PTM launches protests across Pakistan after acquittal of key suspect in Naqeebullah Mehsud’s murder

23-year-old Naqbeeullah Mehsud. a Pashtun factory worker and aspiring model in Karachi, and three others were extrajudicially killed on January 13 , 2018. His murder saw a huge wave of protests led by the Pashtun Tahafuz Movement

January 28, 2023 by Peoples Dispatch
PTM protest Pakistan
(Photo: via Noor Ullah Tareen/Twitter)

On Thursday, January 26, the Pashtun Tahafuz Movement (PTM) organized several demonstrations across Pakistan’s Khyber Pakhtunkhwa (KP) province to protest the acquittal of Rao Anwar, the main suspect in the police murder of a Pashtun youth, Naqeebullah Mehsud, in 2018.

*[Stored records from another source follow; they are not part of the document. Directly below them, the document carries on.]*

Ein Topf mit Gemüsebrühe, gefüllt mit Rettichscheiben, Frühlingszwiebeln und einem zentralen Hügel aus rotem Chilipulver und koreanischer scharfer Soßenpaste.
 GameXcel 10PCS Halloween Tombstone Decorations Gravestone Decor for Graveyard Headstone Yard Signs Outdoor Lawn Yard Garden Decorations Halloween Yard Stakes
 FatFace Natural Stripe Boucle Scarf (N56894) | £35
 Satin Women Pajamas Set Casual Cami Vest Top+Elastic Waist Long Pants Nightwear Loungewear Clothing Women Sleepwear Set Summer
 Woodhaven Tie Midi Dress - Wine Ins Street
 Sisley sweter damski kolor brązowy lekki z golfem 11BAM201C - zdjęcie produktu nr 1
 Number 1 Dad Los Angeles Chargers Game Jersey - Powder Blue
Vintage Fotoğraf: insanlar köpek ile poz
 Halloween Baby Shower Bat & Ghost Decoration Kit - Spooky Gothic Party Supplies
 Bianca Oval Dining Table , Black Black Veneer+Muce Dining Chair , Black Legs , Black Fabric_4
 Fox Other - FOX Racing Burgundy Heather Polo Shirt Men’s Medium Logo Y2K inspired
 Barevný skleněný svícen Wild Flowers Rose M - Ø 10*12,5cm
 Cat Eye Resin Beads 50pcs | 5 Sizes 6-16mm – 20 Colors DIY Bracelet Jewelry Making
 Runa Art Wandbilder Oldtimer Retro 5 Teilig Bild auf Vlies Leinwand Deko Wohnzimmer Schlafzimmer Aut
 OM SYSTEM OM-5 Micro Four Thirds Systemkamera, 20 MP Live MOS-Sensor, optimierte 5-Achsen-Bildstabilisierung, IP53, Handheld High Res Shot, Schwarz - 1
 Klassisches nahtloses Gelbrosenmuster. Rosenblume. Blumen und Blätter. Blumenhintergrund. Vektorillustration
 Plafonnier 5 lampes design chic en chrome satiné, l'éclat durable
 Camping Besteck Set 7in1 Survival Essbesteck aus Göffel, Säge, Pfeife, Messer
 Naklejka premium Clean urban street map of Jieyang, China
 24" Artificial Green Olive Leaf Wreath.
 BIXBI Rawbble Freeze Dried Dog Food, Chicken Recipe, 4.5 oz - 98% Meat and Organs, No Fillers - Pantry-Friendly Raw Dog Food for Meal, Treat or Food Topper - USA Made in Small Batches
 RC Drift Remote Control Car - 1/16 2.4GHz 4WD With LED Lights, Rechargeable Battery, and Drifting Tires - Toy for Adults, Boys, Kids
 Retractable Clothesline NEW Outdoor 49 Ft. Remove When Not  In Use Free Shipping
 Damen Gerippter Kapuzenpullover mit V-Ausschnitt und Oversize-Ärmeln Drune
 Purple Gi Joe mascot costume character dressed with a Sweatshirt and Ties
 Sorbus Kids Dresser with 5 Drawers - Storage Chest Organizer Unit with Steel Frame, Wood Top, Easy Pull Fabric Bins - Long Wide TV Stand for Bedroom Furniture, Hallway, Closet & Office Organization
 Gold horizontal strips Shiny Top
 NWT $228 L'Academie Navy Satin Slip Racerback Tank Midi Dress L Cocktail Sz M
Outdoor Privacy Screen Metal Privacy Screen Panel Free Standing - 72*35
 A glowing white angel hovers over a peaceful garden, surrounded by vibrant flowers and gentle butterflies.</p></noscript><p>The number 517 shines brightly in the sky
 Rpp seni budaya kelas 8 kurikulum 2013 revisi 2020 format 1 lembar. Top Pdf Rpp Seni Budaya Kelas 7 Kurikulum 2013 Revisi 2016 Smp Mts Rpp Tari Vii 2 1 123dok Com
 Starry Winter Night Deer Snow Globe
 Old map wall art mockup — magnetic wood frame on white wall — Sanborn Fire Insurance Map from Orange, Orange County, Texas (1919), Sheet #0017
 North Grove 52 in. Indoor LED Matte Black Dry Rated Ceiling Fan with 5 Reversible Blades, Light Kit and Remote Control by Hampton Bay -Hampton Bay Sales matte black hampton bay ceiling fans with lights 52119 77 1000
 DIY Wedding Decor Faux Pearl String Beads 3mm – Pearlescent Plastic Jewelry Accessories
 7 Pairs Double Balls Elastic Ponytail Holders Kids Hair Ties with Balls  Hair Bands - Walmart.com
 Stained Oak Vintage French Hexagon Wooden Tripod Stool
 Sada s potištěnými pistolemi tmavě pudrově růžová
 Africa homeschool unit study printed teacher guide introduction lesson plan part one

On January 23, an anti-terrorism court in Karachi acquitted the former superintendent of police, along with 17 others.

23-year-old Naqbeeullah Mehsud was a Pashtun factory worker and aspiring model in Karachi. He and three others were extrajudicially killed on January 13 , 2018. Police official Rao Anwar was the main suspect. At the time, the police had dubbed Mehsud’s death as an “encounter” by Pakistan’s security forces, alleging that he had links to terrorist groups like the Tehreek-e-Taliban Pakistan.

In its ruling on Monday, the court extended the benefit of doubt to the accused and acquitted him, saying that the prosecution had failed to submit sufficient evidence against Anwar, Dawn reported.  Mehsud’s family has reportedly decided to challenge the decision in a higher court.

Announcing country-wide protests against the decision, PTM leader Manzoor Pashteen tweeted, “The acquittal of Rao Anwar and his accomplices, the notorious murderer of hundreds of people including martyr Naqeebullah, is a cruel decision.”

At a protest in Swat, KP, on Thursday, people held placards and banners inscribed with slogans against the release of Rao Anwar and the 17 other suspects. 

Thursday’s protests came a day after the PTM organized a massive rally in Karachi, Sindh, on January 25 against the oppression of Pashtuns. Protesters demanded the release of incarcerated PTM leader Ali Wazir and better treatment of Pashtuns in Pakistan. They also asked the Sindh government to stop the arrest and deportation of Afghans.

PTM was formed by Pashteen and seven others in 2014 to advocate for the rights of Pakistan’s Pashtun minority and highlight the plight of the community caught between the state and militant forces in the border provinces of what used to be the FATA (Federally Administered Tribal Areas) region. The movement shot to prominence in 2018 as it led the protests against the killing of Naqeebullah Mehsud.

Since its inception, the  movement has demanded an end to the war crimes, extrajudicial killings, and torture faced by innocent Pashtuns such as Mehsud, who frequently become subjects of suspicion and arrests by the state’s security forces.